M. Pichon, ministre des Affaires étrangères, répondait, le 29 décembre 1918, à M. Bracke qui l’interrogeait, à la Chambre, sur la résolution du Gouvernement au sujet de la Société des Nations : « M. Bracke nous a questionnés sur la Société des Nations, en invoquant le texte du président Wilson. Je réponds à M. Bracke que nous avons accepté le principe de la Société des Nations, que nous travaillerons très sincèrement à sa réalisation effective et qu’elle ne rencontrera aucun obstacle, bien loin de là, de notre côté. » Ce n’était pas très chaud.

M. Clemenceau précisait, en ces termes, la pensée du cabinet :

« Tout le monde a dit avec raison : il ne faut pas que cela puisse recommencer.

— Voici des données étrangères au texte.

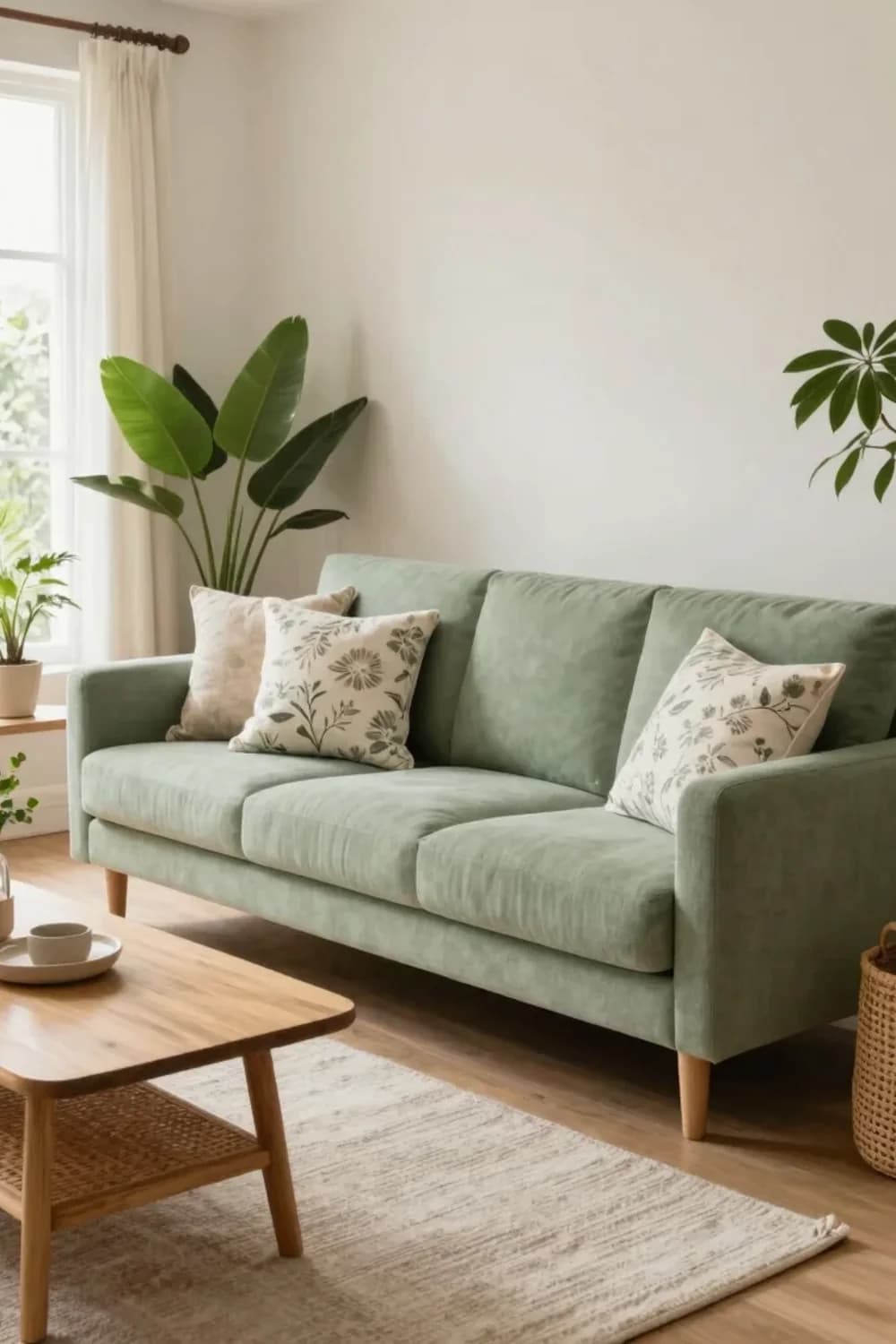 Pale sage green three-seat sofa with cream botanical print cushions, a wood and cane coffee table, a cream rug and large leafy plants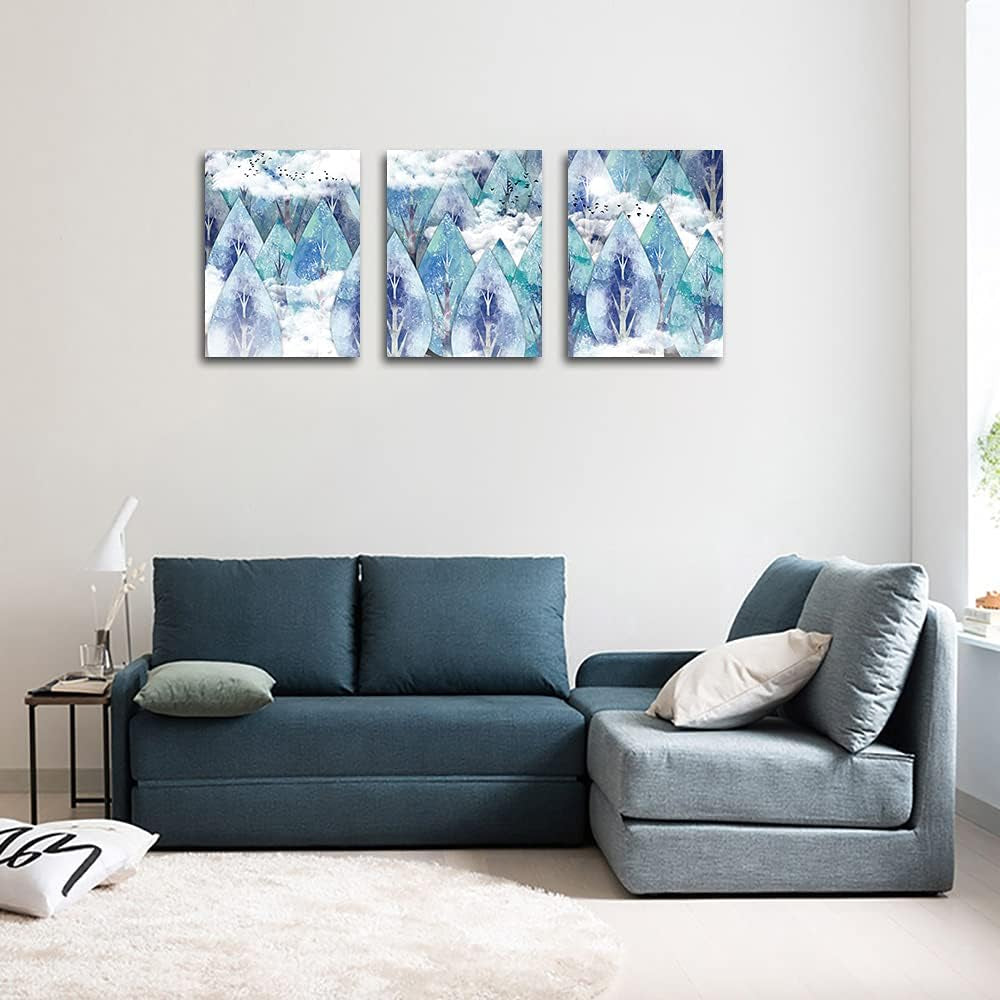 Modern Abstract Canvas Wall Art Set - 3 Piece Collection for Living Room, Bedroom, Bathroom, and Kitchen Decor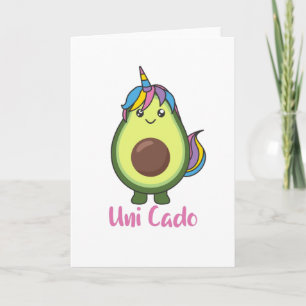Tarjeta Aguacate unicornio Funny Aguacates Unicornio Uni C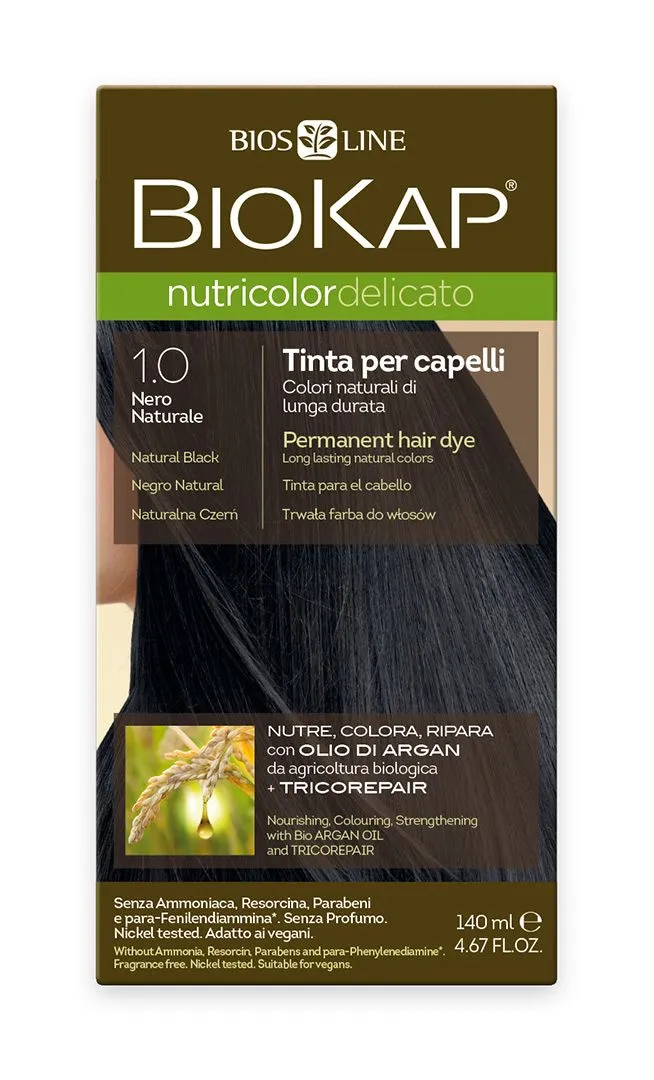 BIOKAP Nutricolor Delicato 1.0 Černá přírodní barva na vlasy 140 ml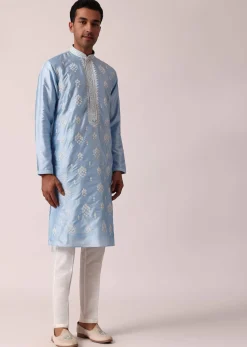 Elegant Blue Silk Kurta Set For Men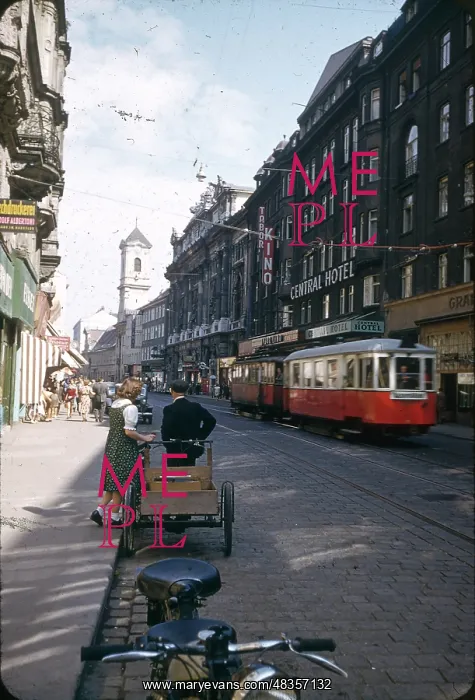 : Street with tram in Vienna, Austria : Street with tram in Vienna, Austria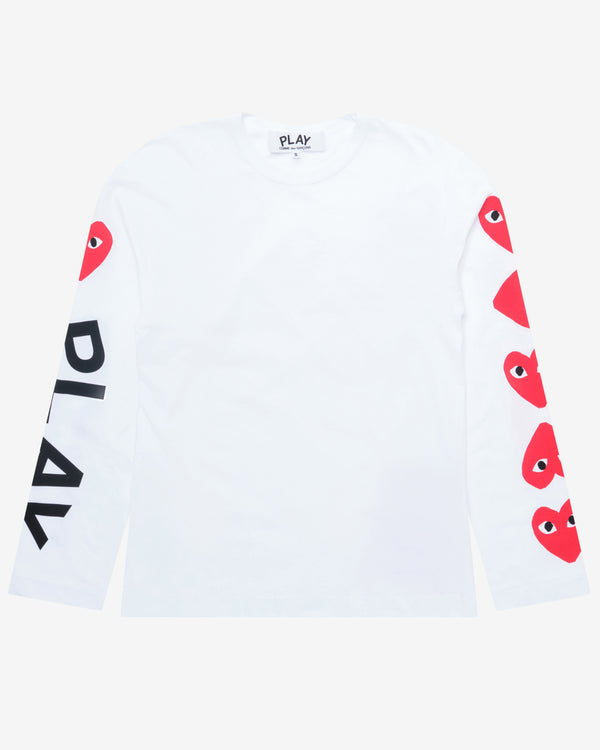 Play Comme des Garçons - 4 Heart Long Sleeve - (White)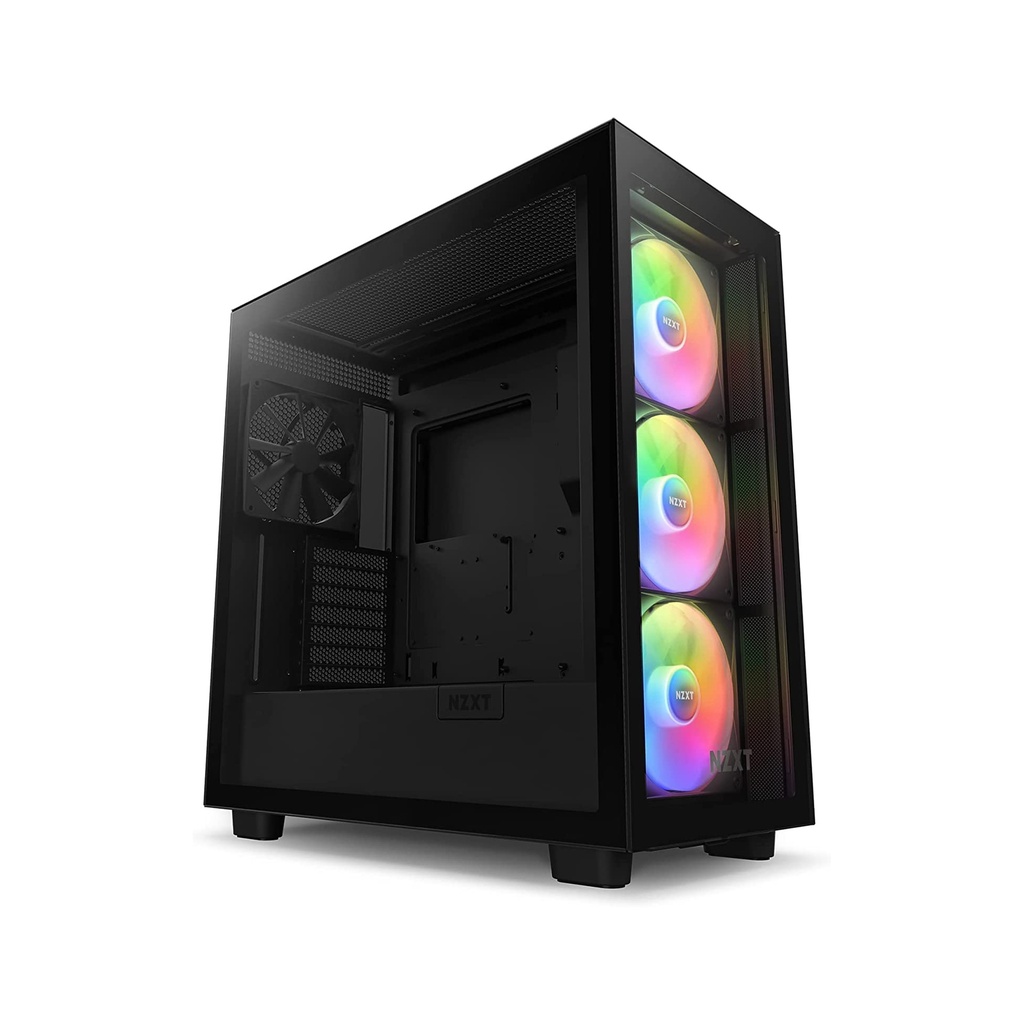 [NS010705] NZXT H7 Elite Premium ATX Mid Tower Two Panel Front & Left Side Tempered Glass Case With 4 RGB Fans - Black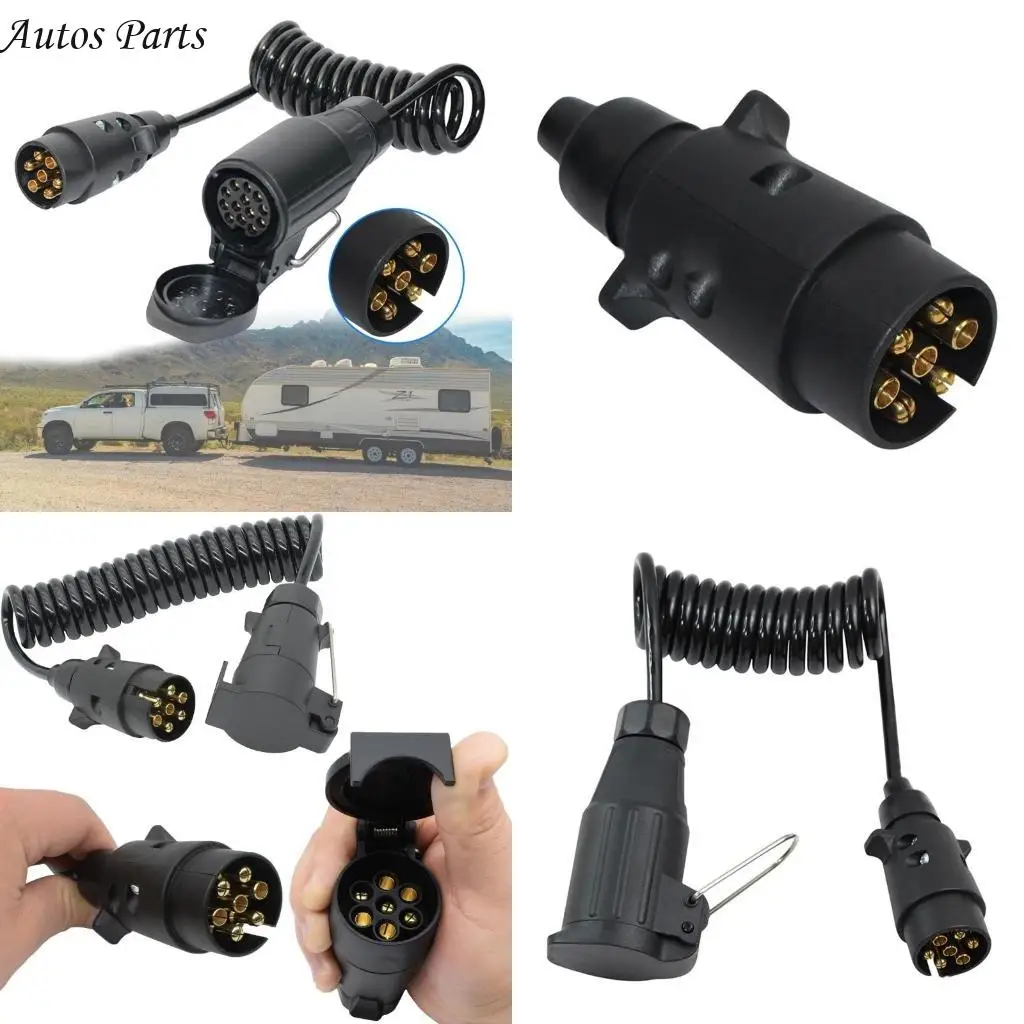 57BA RV PLUD الأسلاك تسخير مجعد GOONECKECK امتداد كابل كابل المقبس 7 دبوس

Je le crois bien ! Mais, comment ?

« Il y avait un vieux système qui parait condamné aujourd’hui et auquel je ne crains pas de dire que je reste, en partie, fidèle en ce moment : les pays organisaient leur défense : c’est très prosaïque !

« Ils tâchaient d’avoir de bonnes frontières et ils s’armaient... Ce système aujourd’hui parait condamné par de très hautes autorités. Je ferai cependant observer que si l’équilibre qui s’est spontanément produit pendant la guerre avait existé auparavant, si, par exemple, l’Angleterre, l’Amérique, la France et l’Italie étaient tombées d’accord pour dire que quiconque attaquerait l’une d’entre elles attaquait tout le monde, la guerre n’aurait pas eu lieu. Il y avait donc ce système des alliances auquel je ne renonce pas, je vous le dis tout net, et c’est ma pensée directrice... J’accepterai, d’ailleurs, toute garantie supplémentaire (il s’agit visiblement de la Société des Nations) qui nous sera fournie. »

En un mot, le gouvernement français laissait l’organisation de la Société des Nations dans la catégorie de l’idéal. Il réclamait surtout, « en allant à la Conférence, » deux garanties qui lui paraissaient indispensables, une frontière sûre (c’est-à-dire le Rhin) et une alliance entre les peuples menacés par l’Allemagne.

Ces vues précises et réalistes n’entraient pas exactement dans le système du président Wilson et, encore moins, dans celui de M. Lloyd George.